Voilà qui est clair. De son côté, Philippe Richert revient de loin :

« Je ne regrette pas d’avoir tenté de travailler avec le gouvernement. L’avenir des régions, échelon essentiel pour l’avenir du pays et en Europe, est un sujet trop important pour être laissé aux querelles partisanes. Et en tant que président de collectivité, j’ai une obligation de dialogue. Une partie de la droite ne l’a pas compris mais ce qui a été le plus gênant dans cette histoire, ce sont les engagements du gouvernement qui ont varié en permanence. Ce que nous défendons avec le conseil d’Alsace, c’est ce que le gouvernement veut faire pour 2020 ou 2022. Nous ne sommes pas sur une opposition de principe à la réforme des régions, contrairement à Nicolas Sarkozy. »

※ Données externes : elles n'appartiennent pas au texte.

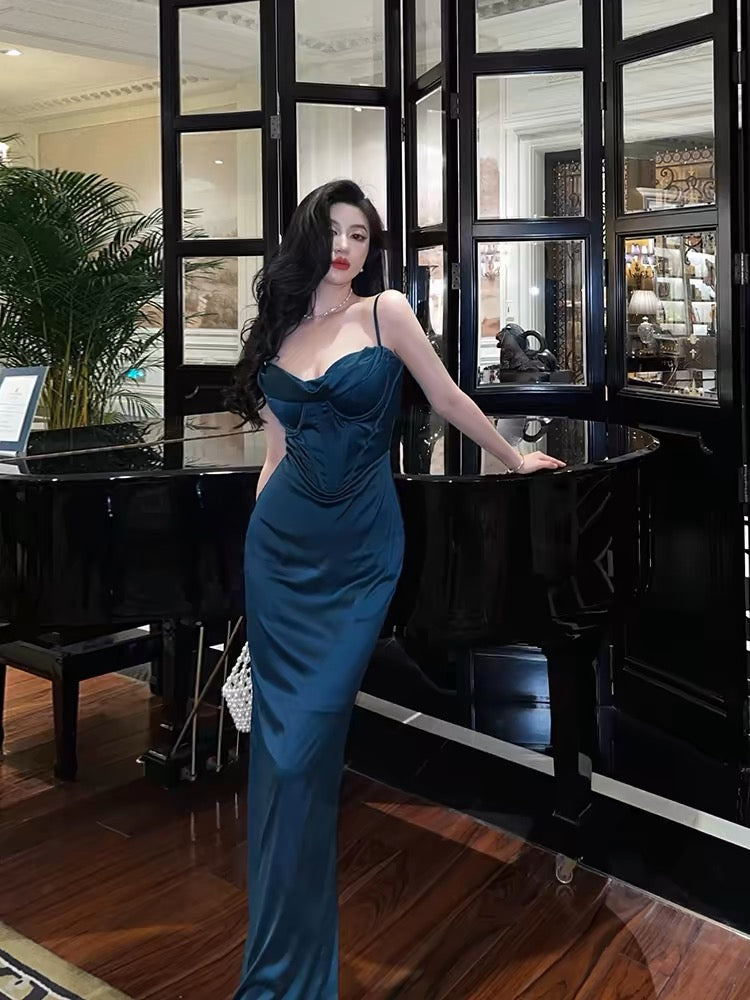 Elegant Navy Blue Sheath Long Prom Dress for Evening Party & Formal Events - Style J3261 | Perfect for Homecoming, Graduation & Special Occasions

Le président du conseil régional aimerait créer un « mouvement régional » qui mettrait de la distance entre lui et l’UMP, dont les accents droitiers commencent à le gêner aux entournures dans la perspective des futures élections régionales en 2015 ou 2016. Pas facile, d’autant qu’il trouvera sur son chemin… Jean Rottner, premier élu UMP à accueillir Nicolas Sarkozy en Alsace, le 19 novembre, dans le cadre de sa campagne de reconquête de l’UMP. Membre de la nouvelle garde rapprochée de l’ancien président, Jean Rottner entend bien mobiliser une « majorité alsacienne » plutôt de centre-droit et surtout un brin choquée par les affaires de corruption au sein du parti et celles directement liées à Nicolas Sarkozy.

Mis à part Jean Rottner et Laurent Furst, député UMP du Bas-Rhin, très peu d’élus d’envergure de la « majorité alsacienne » se sont prononcés en faveur de l’ancien président. Ce sera la prochaine bataille au sein de la droite alsacienne.